Bae plays Tae-hee, who has spent the last year working for no pay at her father’s hot stone massage spa. Hae-joo, played by Lee Yo-won, is the only one of the group to have a real job, working at a brokerage firm, albeit as an assistant. Ji-young (Ok Ji-young) is a fine artist, but is unable to find paying work and lives with her grandparents in a crumbling shanty town. Twins Bi-ryu and Ohn-jo live happily together and sell homemade jewelry on the street; they seem to be doing well and mostly hang around the edges of the film, stepping up when necessary for some comic relief or to offer a dose of stability. The class separation between Yo-won and Ji-young provides the film’s central conflict, and its correlation to the disconnections in Korean life is hard to miss, both generational — the grandparents and their peers who grew up during the various mid-century wars versus the children in a time of post-martial law economic expansion — and economic — the widening class differentials that occur when a country modernizes under capitalism, enriching some, but definitely not all, of a populace.

But more than that, Take Care of My Cat is about these specific women and the strategies they employ to cope with the changing world around them. Yo-won, increasingly hollowed out and made shallow by the trappings of her success, becomes more and more cruelly indifferent to Ji-young’s suffering, while Ji-young retreats further and further into herself, eventually shutting down entirely (and finding herself in jail because of it). Tae-hee, for the most part, navigates between them both. She isn’t as greedy as Yo-won, but she’s dissatisfied with her family’s expectations that she work for free (and the fact that they seem to expect her, as a woman, to serve the men — her father and brothers, who, unlike her, are given the opportunity to go to college). A bold woman with an independent streak, she considers running away to join up on a merchant ship, like a Korean Melville. Meanwhile, she spends her free time also volunteering as a typist for a poet with cerebral palsy. He doesn’t use a computer, but rather an old typewriter which, as Tae-hee notes, gives the words a satisfying clickity-clack.

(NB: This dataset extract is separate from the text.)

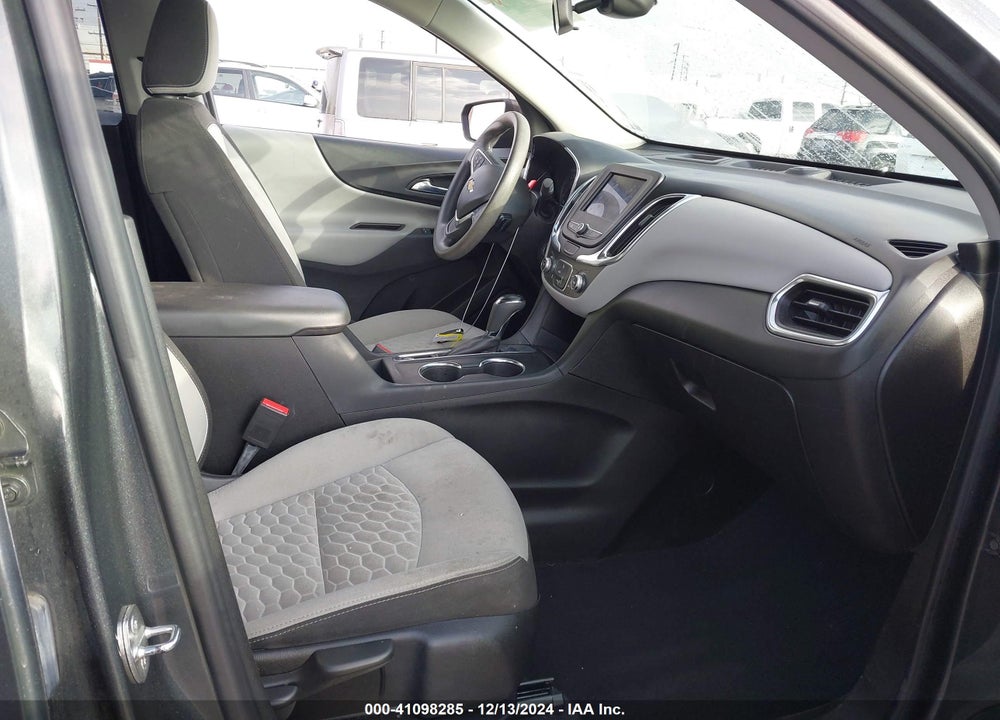 2021 CHEVROLET EQUINOX FWD LS VIN: 2GNAXHEV1M6133017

Text surrounds our heroes: as early adopters of SMS technology, they’re constantly sending each other text messages, visualized by Jeong as characters superimposed on various surfaces (walls, desks, buildings) that make up their environment (it’s hard to recall a film made prior to this that displays text messages so creatively). This was also the first generation to come of age when the boundaries between the physical and digital were porous, where friendships could be built up and broken apart through words on screens as easily as in-person interactions. But the things breaking them up — class differences, family pressure, work commitments, betrayal of once-cherished values — remain depressingly familiar today. SEAN GILMAN


Credit: Fantasia International Film Festival

A Disturbance in the Force

We all know Star Wars came out in May of 1977 and was an immediate sensation, well on its way to becoming a cultural touchstone. But even so, it was not quite yet the lumbering, multi-billion-dollar franchise we know today. Actually, the idea of something like that hadn’t really even occurred to anyone. Nevertheless, hot irons need striking, as the saying goes, and so to keep people interested and hopefully make some money in the process, it was decided that to tide people over until the release of the sequel, a television installment would be necessary. And so it was that in December of 1978, the Star Wars Holiday Special came to CBS. 

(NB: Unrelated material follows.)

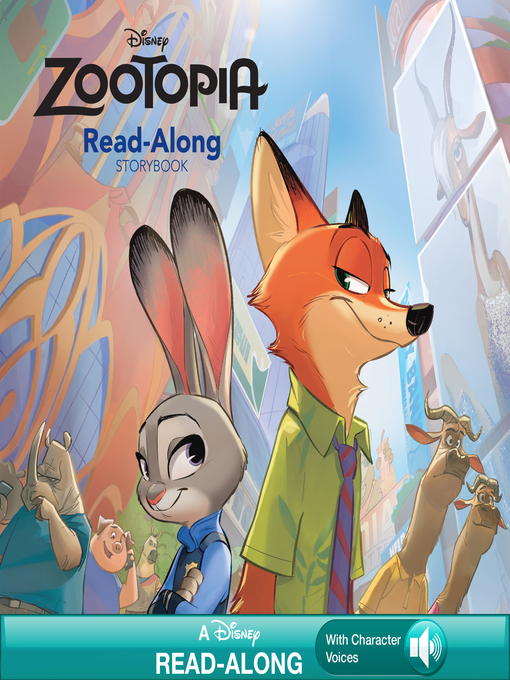 Title details for Zootopia Read-Along Storybook by Disney Books - Wait list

Flash forward to 2023, 45 years later, and the endless ubiquity of Star Wars only partially explains why, of all things, there is a feature-length documentary about the production of that Holiday Special (only about 10 minutes shorter than the actual thing). The other reason is that the Holiday Special is remembered mostly for being a massively terrible boondoggle about which absolutely nobody has nice things to say. In fact, it was allegedly so mortifyingly bad that George Lucas himself had it pulled from circulation entirely, never to be inflicted on human or alien eyes in any galaxy ever again, in perpetuity. Well, until YouTube anyway, where you can go right on ahead and watch the dreaded thing for yourself.

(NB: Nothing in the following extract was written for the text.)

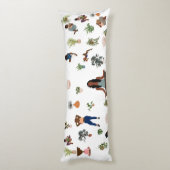 Coussins Longs Oreiller du corps de méditation (Dos (Vertical))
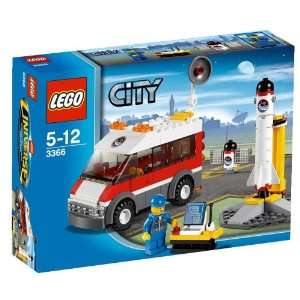  Lego City Satellite Launch Pad #3366 Toys & Games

And so, long story short, we’ve now got A Disturbance in the Force. Directors Jeremy Coon and Steve Kozak have assembled most of the surviving members of the production for their reminiscences, as well as a lineup of geek celebrities to share some memories or add some colorful commentary. Listen to Kevin Smith wonder aloud just why the hell anyone thought it would be cool to add Bea Arthur to the Star Wars universe — Arthur herself, in an old interview, doesn’t seem to know either. There’s Weird Al talking about how Boba Fett was actually introduced in a pretty cool animated segment (maybe the only part of the whole thing that anyone even remotely liked). But most enticing are the various writers and producers sharing conflicting accounts, not only of who worked on what parts, but of who deserves the most blame.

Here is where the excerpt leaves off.